The lignite-fired New Kosovo Power Plant project has been under development for more than a decade, yet there is still an astonishing lack of official information about it. What little detail has emerged now and again has changed from year to year, even while the bid-invitation procedure has been going on. The mines and rehabilitation of Kosovo’s existing plant were included in the bid invitation at first. Then they weren’t. A decade ago, the government said New Kosovo Power Plant would be a 2,000-megawatt project, then it was tendered at 600 megawatts, then this past November, the Kosovar Minister of Economy suddenly said it would be a 500-megawatt facility.
During this seemingly endless saga, neither Kosovar politicians nor the World Bank, which is leading on the project development, have answered the all-important question of how much this plant would cost the public.
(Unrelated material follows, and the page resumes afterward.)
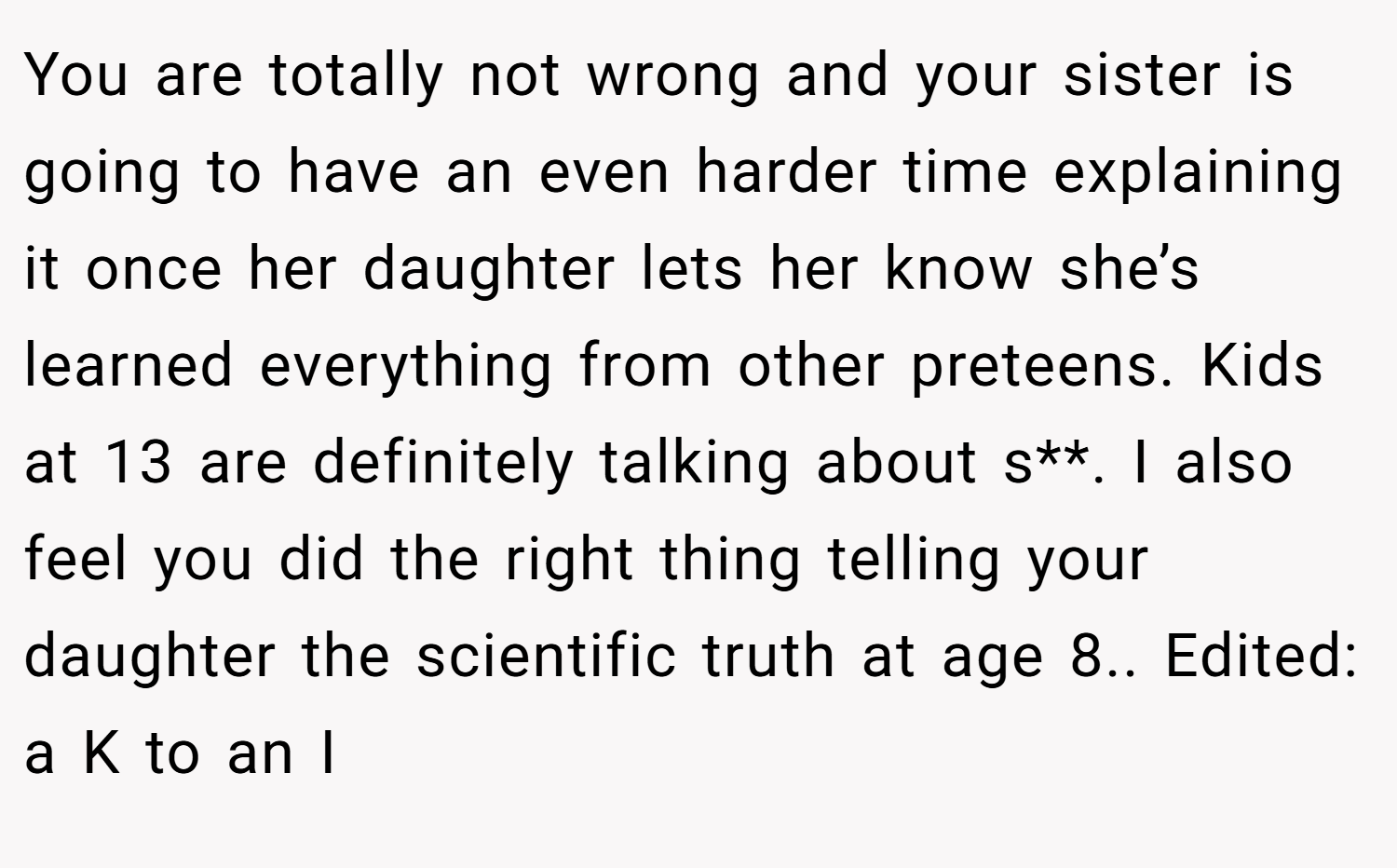 You are totally not wrong and your sister is going to have an even harder time explaining it once her daughter lets her know she’s learned everything from other preteens. Kids at 13 are definitely talking about s**. I also feel you did the right thing telling your daughter the scientific truth at age 8.. Edited: a K to an I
Now, however, the Institute for Energy Economics and Financial Analysis (IEEFA) has published a study commissioned by the Kosovo Civil Society Consortium for Sustainable Development (KOSID), concluding that the project would likely increase electricity retail prices by 33 to 50 percent and result in the average Kosovar household paying 12.9 percent of its annual income for electricity. This is twice what most European households pay. Low- to middle-income households in Kosovo would spend 18 percent of their annual income for electricity, while very low-income households would have to pay 39.7 percent of their income for electricity.
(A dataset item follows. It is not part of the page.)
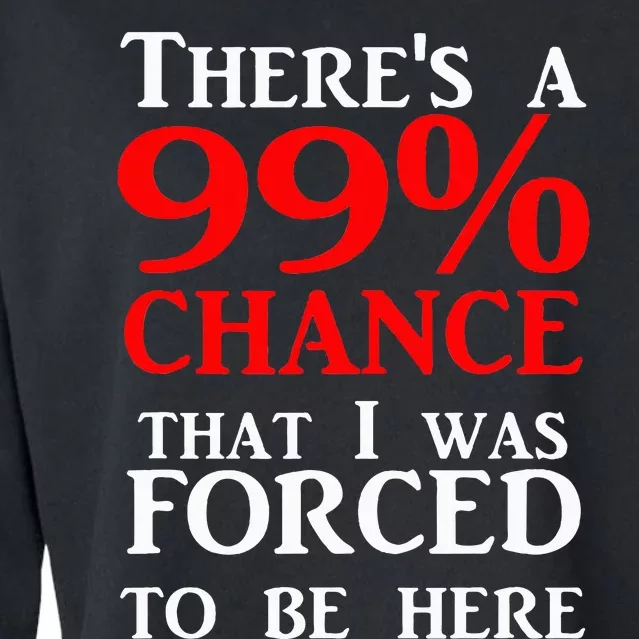 ThereS A 99 Chance That I Was Forced To Be Here Cropped Pullover Crew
Such shocking figures give the lie to assertions by World Bank President Jim Yong Kim in 2013 that Kosovars will be “freezing to death” if the World Bank doesn’t finance this coal-fired plant.
No one will freeze to death if the bank doesn’t provide a loan guarantee for the plant. In fact, IEEFA’s report shows that if the World Bank and other multilaterals like the European Bank for Reconstruction and Development do support the project, the results will be catastrophic. Low-income households may well end up choosing between electricity and food.
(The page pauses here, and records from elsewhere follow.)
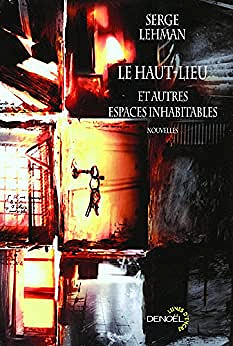 Le Haut-lieu et autres espaces inhabitables - Serge LEHMAN
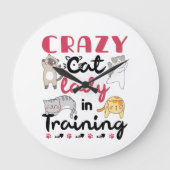 Crazy Cat Lady in training Grote Klok (Voorkant)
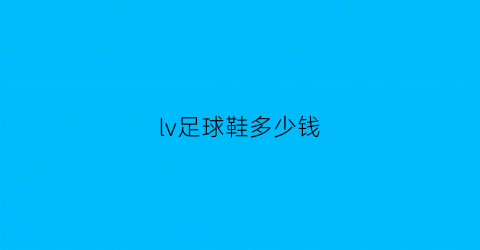 lv足球鞋多少钱(lv鞋子值得买吗)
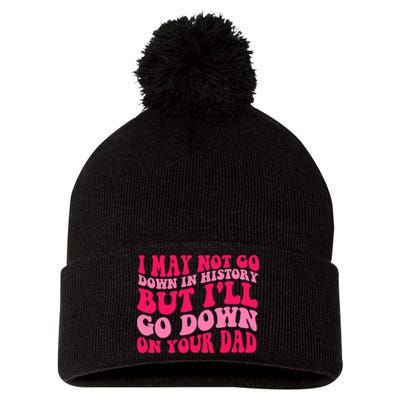 I may not go down in history but i'll go down on your dad Pom Pom 12in Knit Beanie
The report also sees construction of the New Kosovo Power Plant far exceeding the government’s projected cost of €1 billion. It puts those costs much higher—at closer to €4.2 billion by the time the plant goes online as planned in 2021. IEEFA finds the project financially unviable without huge subsidies.
The high cost aside, the plant assures additional effects: 7,000 people would have to move to make way for mine expansion. The project would crowd out investments in energy efficiency and sustainable renewable energy. It would put public health at risk and would contribute to climate change. It would benefit private investors at the expense of average Kosovars. It would advance bad public policy and undermine the economy.
How can the World Bank, whose very mission is to end poverty, justify continuing with this project?
Visar Azemi is coordinator for the Kosovo Civil Society Consortium for Sustainable Development.